Don’t Lose Your Marbles!

Not long ago, I had the opportunity to observe participants in an estimation contest. Participants were given a problem along the lines of figuring out how many marbles are in a jar or balls in a pit. Participants then had to come up with an approximate answer based on the information that they could glean from the scenario: for example, they might be able to at least approximately measure the size of the marbles.

I was particularly impressed by one of the groups: they were very analytical. They discussed the problem in very reasoned terms. They only included very few people in their discussion. They came up with a very well-written, very logically developed answer. They were very wrong. While all the other answers clustered around the correct response, this one group had an answer that was so far out in left field that it was in some other stadium.

This, of course, is the challenge in estimation games: it’s easy to make very simple mistakes early on and then run merrily off along a completely wrong, but apparently logical, trail. In estimation games this is pretty much harmless. However, in more general areas of problem solving the same errors that can derail an estimate can also lead to much more significant problems. This isn’t necessarily all that surprising in that real-world problems are much more similar to estimation games than we might like to acknowledge: they often require us to make assumptions, act with incomplete information, make deductions about facts we cannot easily observe, and come up with a best guess at the end. Fortunately, there are some lessons we can draw from estimation games that will improve real-world problem solving, particularly when people are involved. Consider, for instance, any scenario in which you need to work with other people or cooperate with another organization and where your goals are not necessarily in complete alignment.

It’s easy, as the left-field group did, to limit participation in the discussion. In fact, this is often necessary, as too big a group can easily become unmanageable and prevent any productive discussion from taking place. However, keeping the size of the group small does not mean keeping the knowledge base available to the group equally small. Group members need to track their assumptions and the conclusions based on those assumptions. They then need to go out and verify as many of their assumptions as they can: it’s easy to find evidence to support your conclusions; the hard part is looking for evidence that will contradict them. The second is what needs to happen. Identify what information would tell you if you’re making a mistake, and then figure out to identify that information. Speculate. Play “what if?” games.

Of course, it’s also important to remember that marbles in a jar have no motivation (outside of a bad joke about method acting). Situations dealing with people have considerably more moving parts.

An important part of “people estimation” is understanding motive. When dealing with human systems, being able to think about what other people are doing and why they might be doing it is critical. Peter Ossorio, of descriptive psychology fame, makes the argument that in any given situation people will try to make the most advantageous move they can. This doesn’t mean that they’ll always get it right or that they’ll always execute even a right action correctly or effectively. However, it does mean that it can be very productive to consider how other people might view a problem or situation and consider what their likely course of action might be. Consider as well why they might doing what they are doing.

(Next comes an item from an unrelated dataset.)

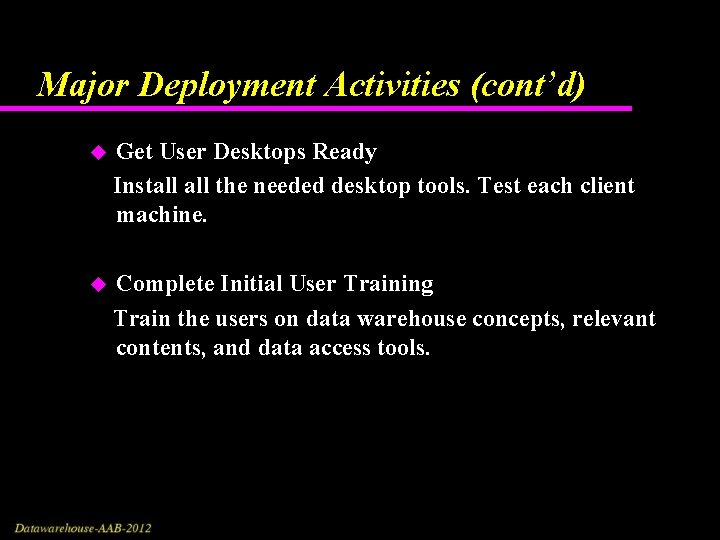 Major Deployment Activities (cont’d) Get User Desktops Ready Install the needed desktop tools. Test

Their reasons might not be obvious, they might not be comfortable for you to think about, and they may contradict some of your basic assumptions, but those reasons exist. Figuring out what they are goes a long way to enabling you to make a better “estimate” and take actions that are more likely to get you to a result that you like. To be fair, maybe the other people involved are stupid or evil; I’ve certainly heard this given as an excuse for not considering their perspective. Ultimately, what difference does it make? They will still take actions, and your success may well depend on your ability to anticipate and work with or around those actions. Approaches which shut down speculation and exploration are most likely going to do nothing more than decrease the accuracy of your estimate.

When dealing with marbles in a jar, being in left field just means that you’ve failed to win a prize. When dealing with people problems, being in left field might just mean that you’ve lost something considerably more valuable. In this case, maybe it’s not so bad if you’ve only lost your marbles.